## YOUR ASSIGNMENT
Scan the entries below and extract each line with the word "Embroidered" in it.

#### TASK INPUT ####

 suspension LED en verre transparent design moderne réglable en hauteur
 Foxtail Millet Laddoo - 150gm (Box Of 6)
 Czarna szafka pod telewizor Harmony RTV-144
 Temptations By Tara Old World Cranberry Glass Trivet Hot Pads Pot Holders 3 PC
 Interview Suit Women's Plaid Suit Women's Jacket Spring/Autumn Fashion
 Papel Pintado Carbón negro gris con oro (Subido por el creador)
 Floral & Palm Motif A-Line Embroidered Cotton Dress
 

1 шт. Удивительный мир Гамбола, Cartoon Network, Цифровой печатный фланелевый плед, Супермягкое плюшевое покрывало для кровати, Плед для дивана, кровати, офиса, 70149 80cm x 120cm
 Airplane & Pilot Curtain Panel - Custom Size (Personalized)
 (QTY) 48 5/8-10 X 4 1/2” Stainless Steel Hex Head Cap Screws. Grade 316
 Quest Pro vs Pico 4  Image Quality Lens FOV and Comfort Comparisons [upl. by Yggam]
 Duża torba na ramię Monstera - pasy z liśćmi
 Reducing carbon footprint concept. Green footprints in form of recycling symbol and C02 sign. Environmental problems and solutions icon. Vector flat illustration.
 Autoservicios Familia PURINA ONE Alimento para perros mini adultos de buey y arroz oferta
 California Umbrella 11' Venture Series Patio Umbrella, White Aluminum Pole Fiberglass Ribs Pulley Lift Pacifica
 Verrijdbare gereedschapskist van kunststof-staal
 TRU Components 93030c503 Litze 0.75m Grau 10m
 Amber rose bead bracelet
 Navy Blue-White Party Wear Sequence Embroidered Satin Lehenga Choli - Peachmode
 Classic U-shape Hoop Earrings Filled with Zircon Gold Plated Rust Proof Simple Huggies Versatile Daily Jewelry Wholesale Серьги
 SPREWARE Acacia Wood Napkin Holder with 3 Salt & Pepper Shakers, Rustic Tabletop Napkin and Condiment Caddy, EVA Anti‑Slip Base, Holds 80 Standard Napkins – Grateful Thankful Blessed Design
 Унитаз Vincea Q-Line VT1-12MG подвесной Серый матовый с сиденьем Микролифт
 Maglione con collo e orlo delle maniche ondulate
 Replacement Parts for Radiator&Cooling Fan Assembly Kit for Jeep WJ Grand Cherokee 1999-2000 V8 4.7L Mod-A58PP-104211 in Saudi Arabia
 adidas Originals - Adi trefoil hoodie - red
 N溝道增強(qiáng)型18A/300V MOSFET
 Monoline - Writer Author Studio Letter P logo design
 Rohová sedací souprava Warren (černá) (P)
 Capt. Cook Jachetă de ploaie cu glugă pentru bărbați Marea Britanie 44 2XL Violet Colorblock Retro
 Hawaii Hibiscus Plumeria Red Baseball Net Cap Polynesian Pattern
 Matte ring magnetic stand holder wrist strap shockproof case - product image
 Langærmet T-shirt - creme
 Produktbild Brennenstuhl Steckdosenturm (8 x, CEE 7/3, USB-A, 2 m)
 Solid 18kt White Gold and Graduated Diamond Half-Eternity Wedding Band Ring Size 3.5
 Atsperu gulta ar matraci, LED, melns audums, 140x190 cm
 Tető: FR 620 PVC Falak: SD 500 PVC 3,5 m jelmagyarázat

####

## EXERCISE ANSWER
 Floral & Palm Motif A-Line Embroidered Cotton Dress
 Navy Blue-White Party Wear Sequence Embroidered Satin Lehenga Choli - Peachmode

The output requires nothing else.